I’ve been mulling over a question Alex Peng has recently written on, the role of recorded memories. What does it mean when people have their own personal reality TV programs, i.e., the Real Real World.
Clearly, memory is something other than a 1:1 map of one’s personal history of perceptions. The technology recording the world casts it in its own image. It’s a little difficult to believe that the world wasn’t black-and-white in the 1940s.
The real task is going to be how we prioritize what is recorded, and (on the other side of the coin) how we decide what is unimportant. Maybe we can just record as much as possible, and we can somehow review it faster than it was lived. I have a feeling there are some pretty significant limits to this approach.
More likely, we ignore the things that appear unimportant. With the increasing ubiquity of video surveillance, picking what to record is more and more important. Of course, the problem is that we don’t know what is important, that’s why we are often going back to a record in the first place! It’s embodied in technologies that provide an “instant replay” so that we can take another shot at deciding what is important.
This kind of “oops” treatment, whether it is “where did I leave my keys?” or “should I blame Ney or Grouchy?”, essentially aims to provide you with a second chance to evaluate whether something was or was not important. This seems to be at the heart of the idea of using CVS to store everything.

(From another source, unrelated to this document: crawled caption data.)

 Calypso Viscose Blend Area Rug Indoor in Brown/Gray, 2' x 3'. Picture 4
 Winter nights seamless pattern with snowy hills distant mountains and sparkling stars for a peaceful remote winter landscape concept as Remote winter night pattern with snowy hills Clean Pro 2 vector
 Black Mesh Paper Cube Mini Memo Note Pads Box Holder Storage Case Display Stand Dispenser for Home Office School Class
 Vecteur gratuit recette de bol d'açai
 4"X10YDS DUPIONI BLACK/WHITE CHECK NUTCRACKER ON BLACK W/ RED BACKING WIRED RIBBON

My guess is that there may be a tie back here to Allport & Postman’s theory of rumor transmission. How did rumor affect a given message? Think about the children’s game of “telephone,” where a message is whispered from person to person around a circle. Leaving aside the deliberate changing of the message (which, obviously, happened more often than not), three things probably happened: the important elements are emphasized, the less important elements are de-emphasized, and the material is recast in such a way as to orient it to the interests and desires of the speaker and the listener.

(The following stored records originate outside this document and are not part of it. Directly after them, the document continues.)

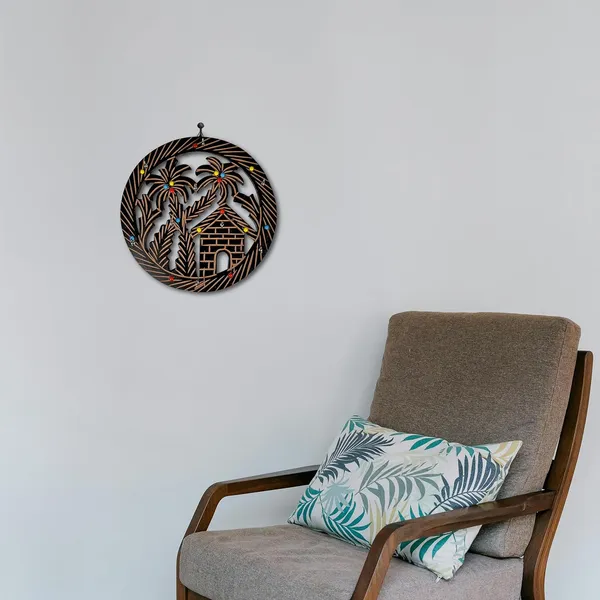 Black_House_Decorative_Wooden_Key_Holder_Wall_Decor_With_9_Hooks_For_Home_Key_Organization_(Round_Hut)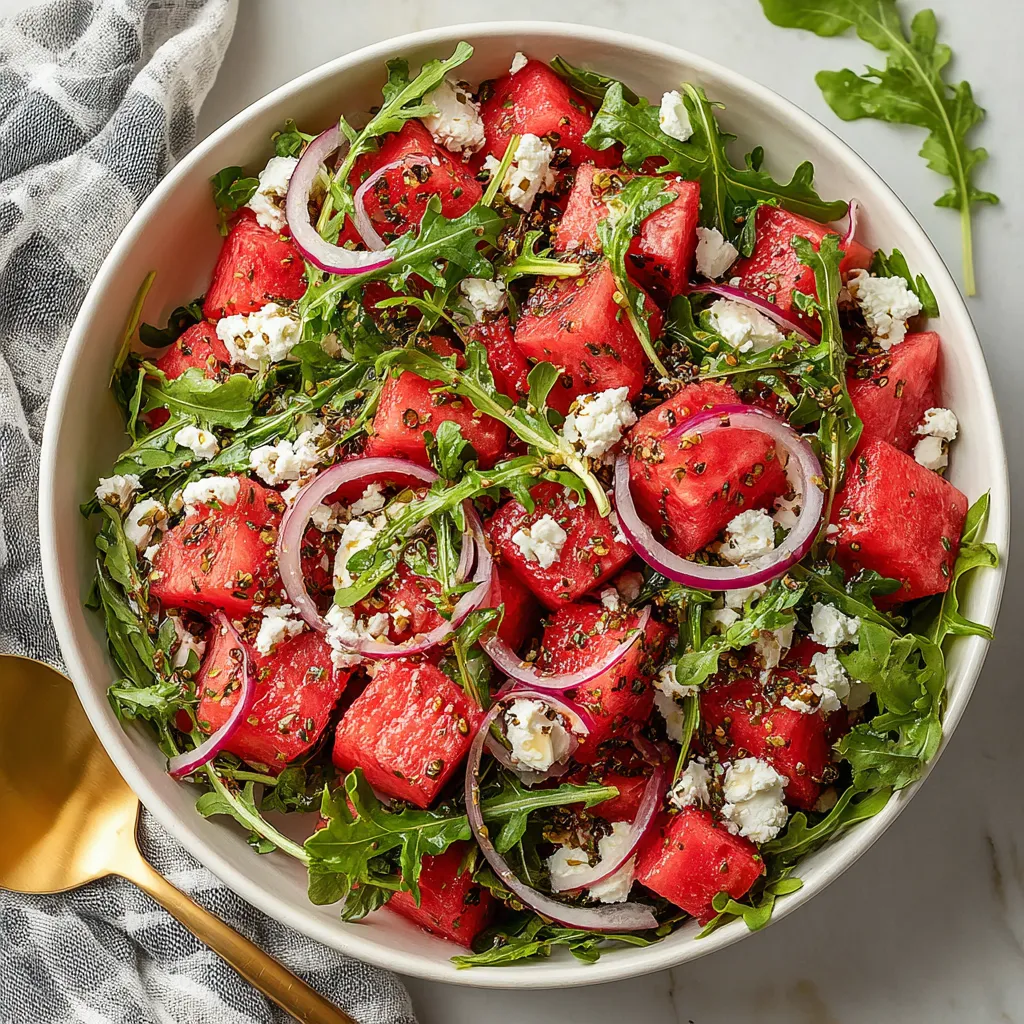 A bowl of watermelon salad with onions and feta cheese.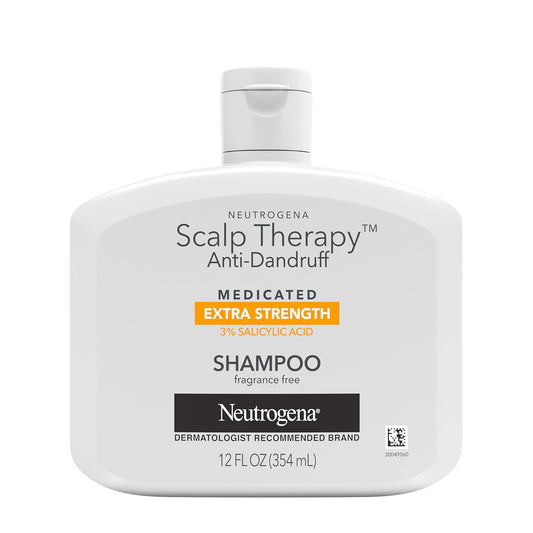 Neutrogena Scalp Therapy Anti-Dandruff Shampoo - Extra Strength with 3% Salicylic Acid | Fragrance-Free, 12 fl. oz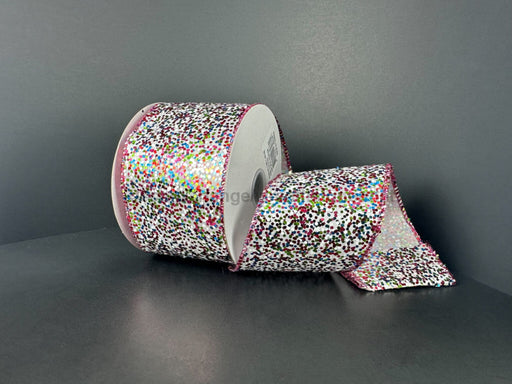 Red-Gr-Fuch-Gld Heavy Confetti Glitr 2.5’’X10Y 73571-40-28 Ribbon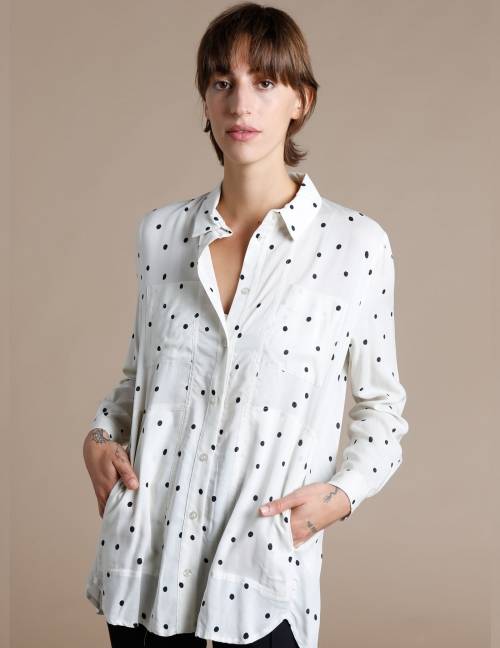 Alef Alef | אלף אלף - בגדי מעצבים | חולצת Tavor שמנת נקודות Alef Alef | אלף אלף - בגדי מעצבים | חולצת Tavor שמנת נקודות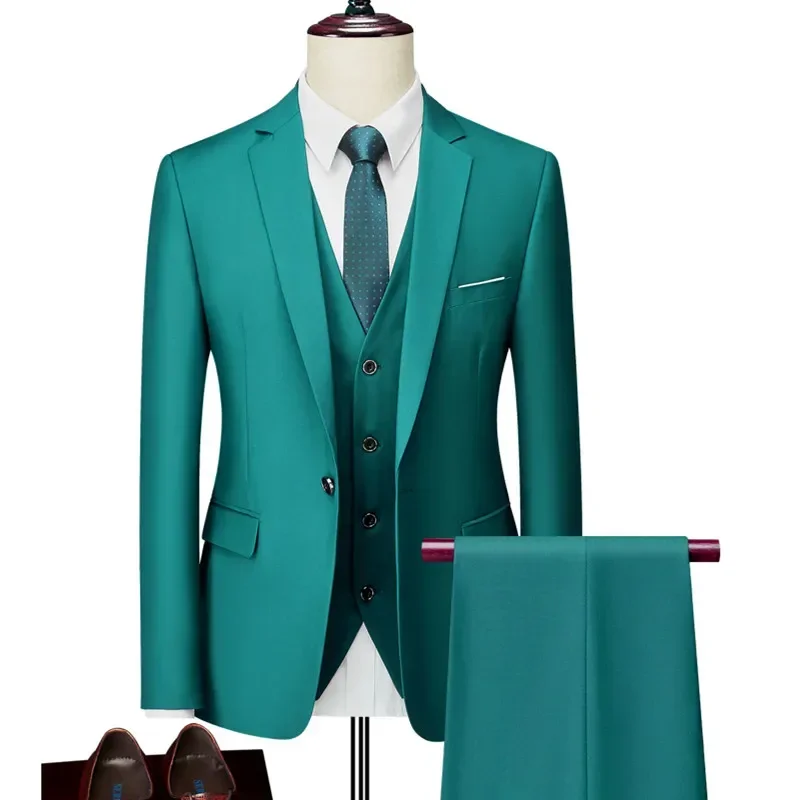 Blazer de negocios para hombre, chaqueta, chaleco, pantalones de gama alta, traje de novio para fiesta de boda, conjuntos de 3 piezas, pantalones de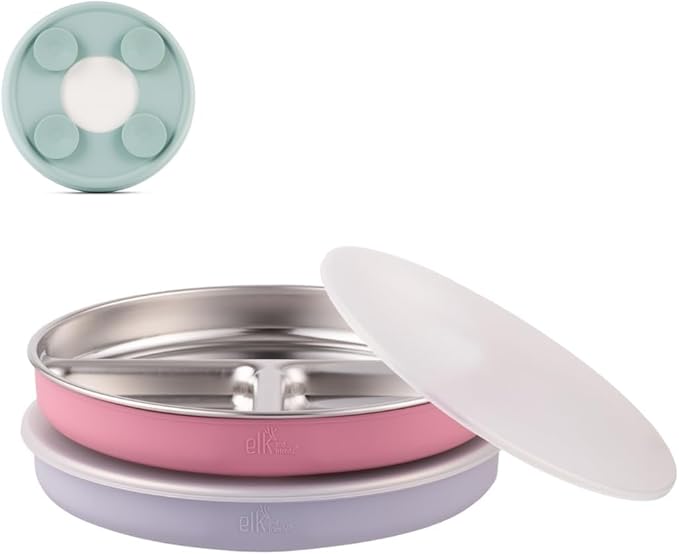 Elk and Friends Stainless Steel Divided Plates with Silicone Sleeve for Babies & Toddlers | Lids Included | Stay Put Suction | Dinner & Snack Plates | 2 Pack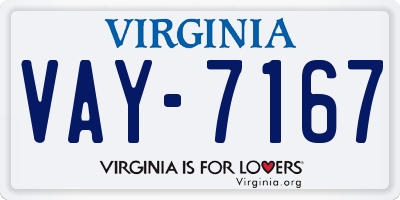 VA license plate VAY7167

We already do this with weblogs — in less-than-real-time — the question is whether we can design interfaces that allow us to blog even more easily than we already do. The small step from requiring people to code and upload (or use an editor of some sort) to being able to enter text as I am now and press a button has caused a near-revolution in the use of the internet. Similar adjustments to make this form of communicating may cause similar gains.